ByKate Meakin . London

14 February 2011

This was the topic discussed at a conference in Mumbai that I attended last week, along with about 200 international delegates. Amongst the varied arguments that were put forward, all pulling in different directions, the free market argument was brought up again and again. Will economic growth bring prosperity to the greatest number of people:‘a rising tide will raise all boats’?

I thought I’d stick to the analogy of the rising tide and look at the case of very small producers.

‘A rising tide will raise all boats’ assumes that everyone has a boat.

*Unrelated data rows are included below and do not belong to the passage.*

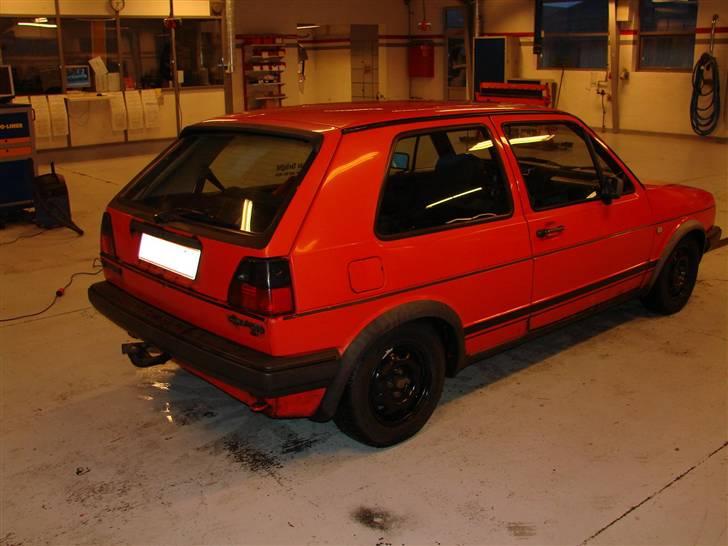 VW Golf 1,6 GTD billede 5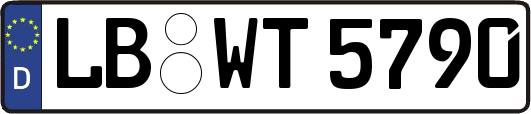 LB-WT5790
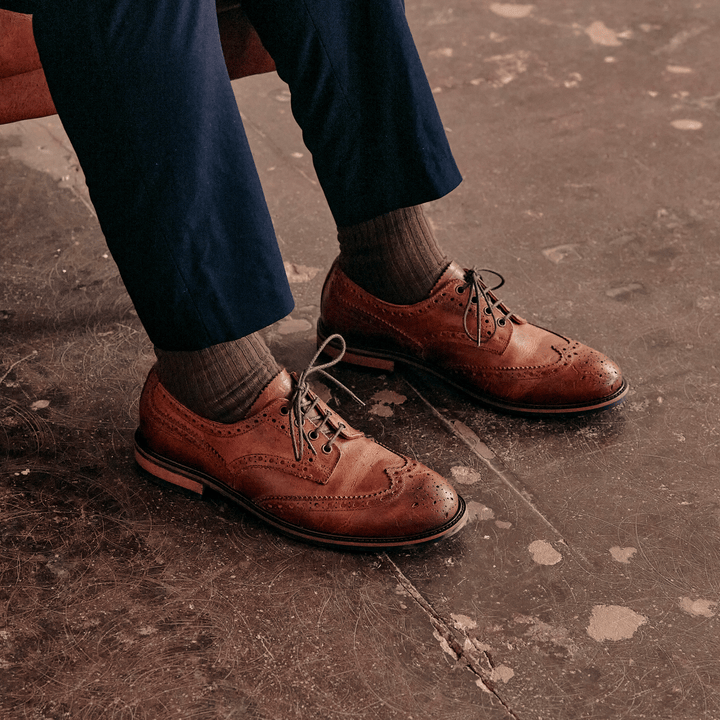 HAYHURST // COACH-Men's Shoes | LANX Proper Men's Shoes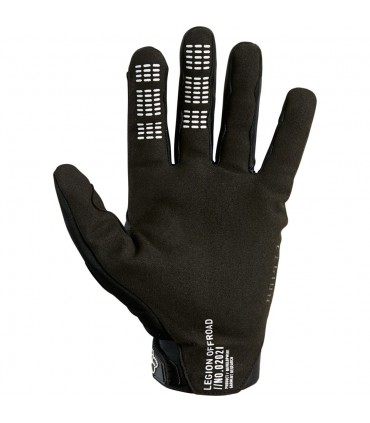 GANTS LEGION THERMO BLK "2XL"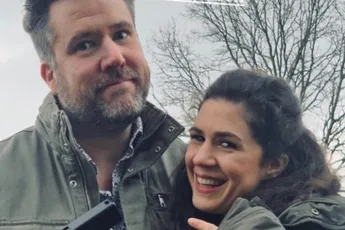Wow! Zo zou het kindje van Maité en Dieter uit 'Thuis' eruitzien volgens AI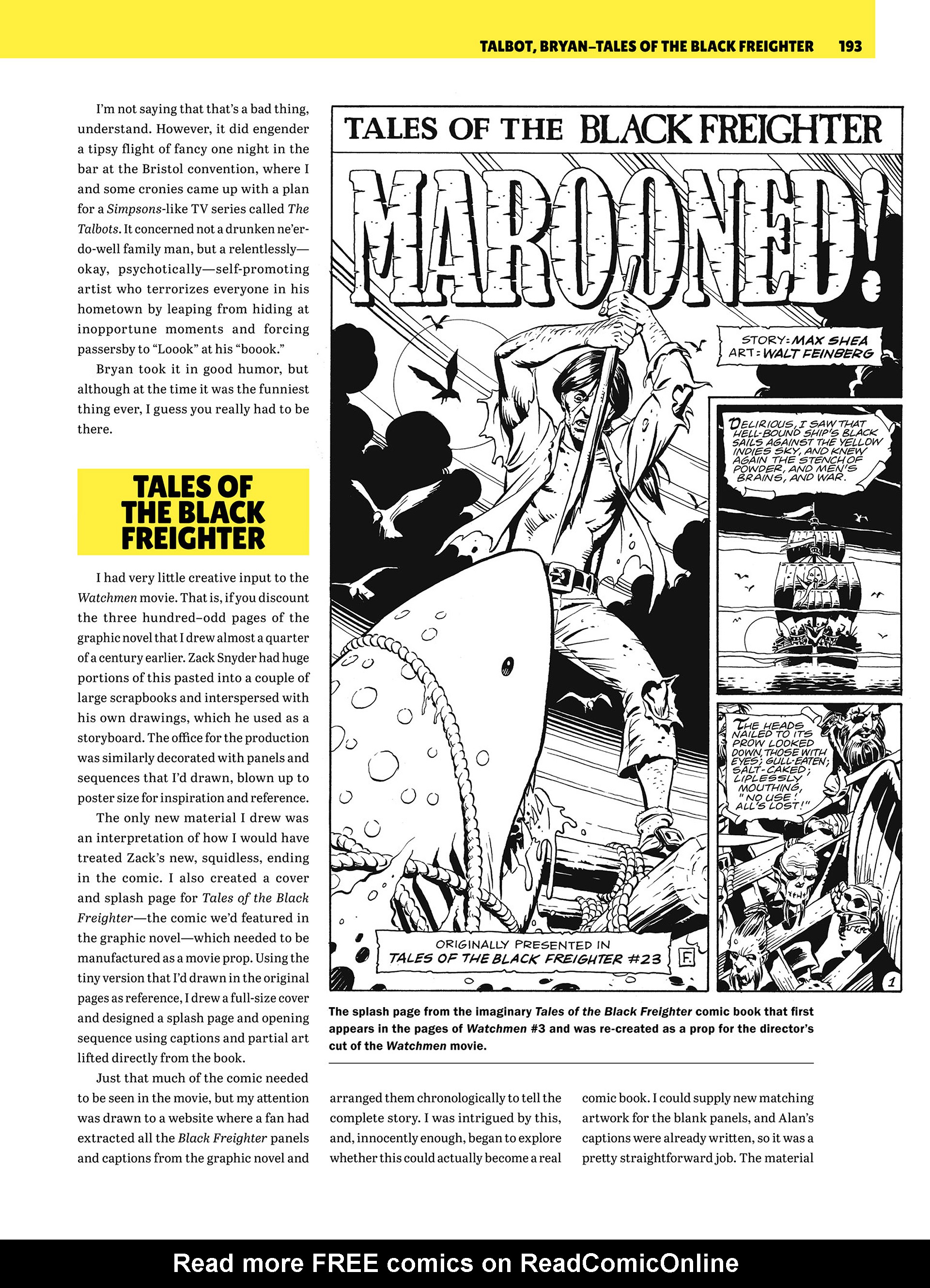 Read online Confabulation: An Anecdotal Autobiography comic -  Issue # TPB (Part 2) - 91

Small producers don’t have a boat; in this case a boat means access to markets and information on them. As Claribel David from the World Fair Trade Organisation explained, small producers have little or no land, huge price competition, exploitative middlemen, little or no access to credit and poor technology. In short they are in the water, without a boat… or a lifejacket… and they can’t swim. Economic theories proposed by academics don’t have a grasp of the reality on the ground; they take the bird’s eye view, when sometimes it is the worm’s eye view that we need.

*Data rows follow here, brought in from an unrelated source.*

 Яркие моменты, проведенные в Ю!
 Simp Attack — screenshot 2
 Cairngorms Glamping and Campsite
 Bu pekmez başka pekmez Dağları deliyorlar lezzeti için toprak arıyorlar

As Josantony Joseph, an Advisor to the Indian Commissioner on Food Security, explained in what we’ve seen to date, market liberalization doesn’t seem to help the poor. It only helps people if they have already reached a ‘take off point’, for example you can see that the Indian middle class have an increased standard of life now since India’s economic boom, but yet still 77% of people in India live on less than 16 rupees a day (about 13p… not a lot… the equivalent of 3 cups of chai).

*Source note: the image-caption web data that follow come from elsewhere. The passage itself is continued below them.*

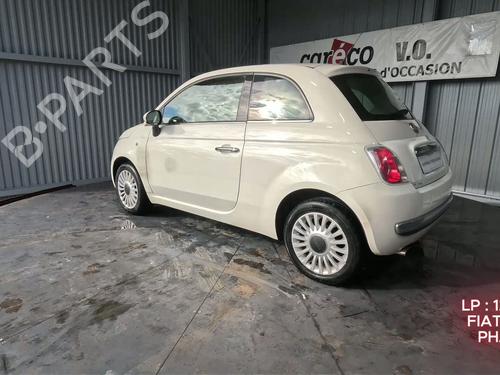 Left headlight FIAT 500 (312_) 1.2 (312AXA1A) | BP30045987C28  - Image 15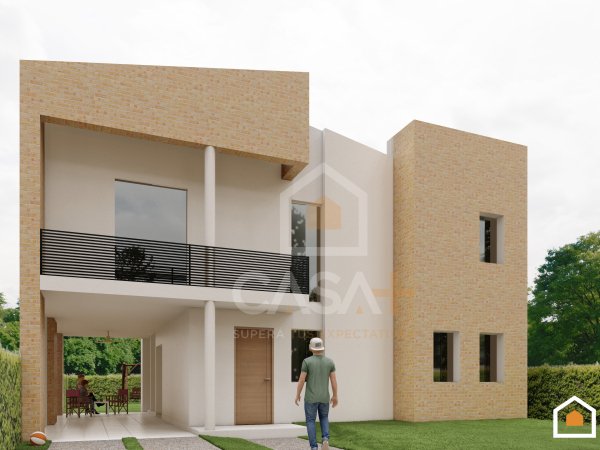 Casa Más – homes with land in Capiata
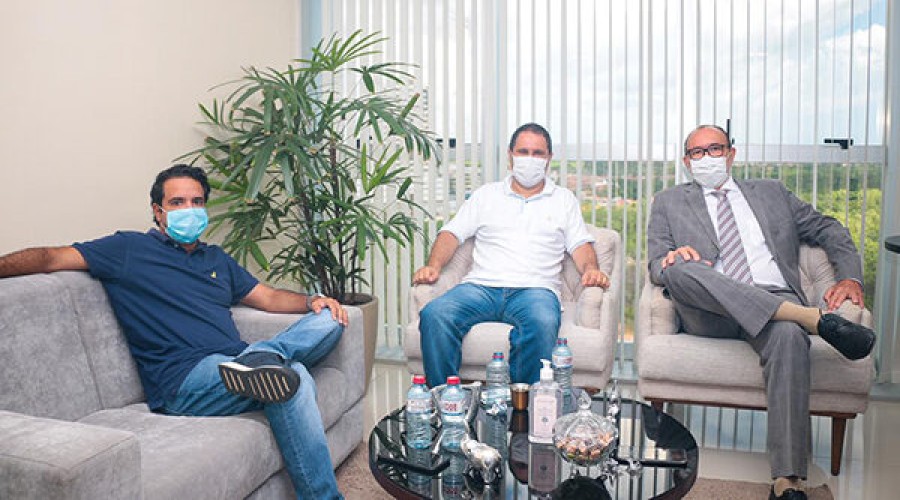 GOVERNO/MA: Edivaldo Júnior mantém “candidatura às escondidas”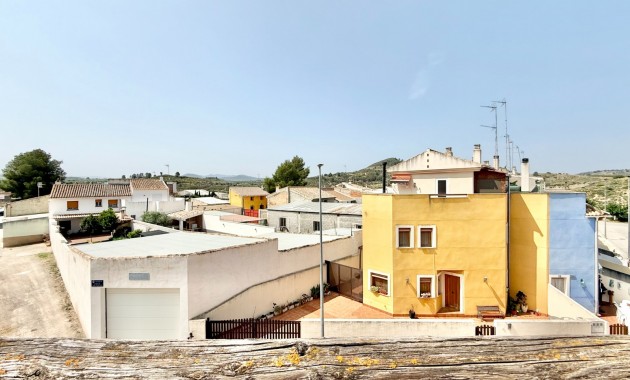 Venta - Chalet -
Cehegín - Arroyo Hurtado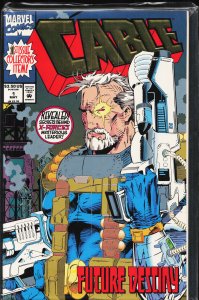 Cable #1 (1993) Cable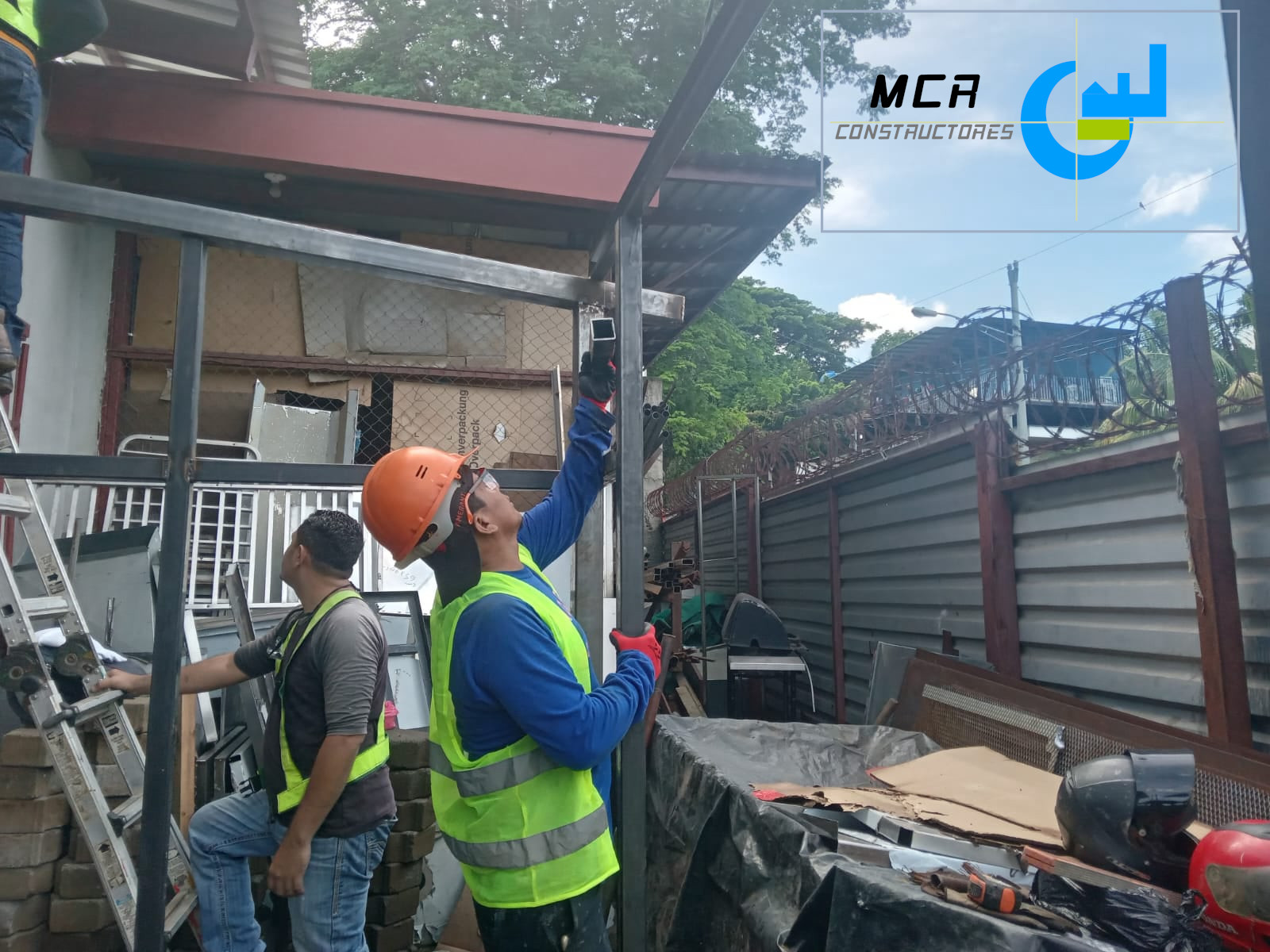 MCR Constructores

So how does Fair Trade fit in with this analogy? Fair Trade is a lifeboat? No, Fair Trade is trying to do something more than a rescue mission. Perhaps instead Fair Trade is a build your own boat kit, complete with instructions and information (that are much better than your usual flat pack info), and with an onboard navigation system.

If Fair Trade can help overcome some of the disadvantages that small producers face then it gives people the chance to benefit from the market driven world, that is unless Nick Hildyard from The Corner House (UK) is right and in the end turbo capitalism will cause a giant tsunami…?!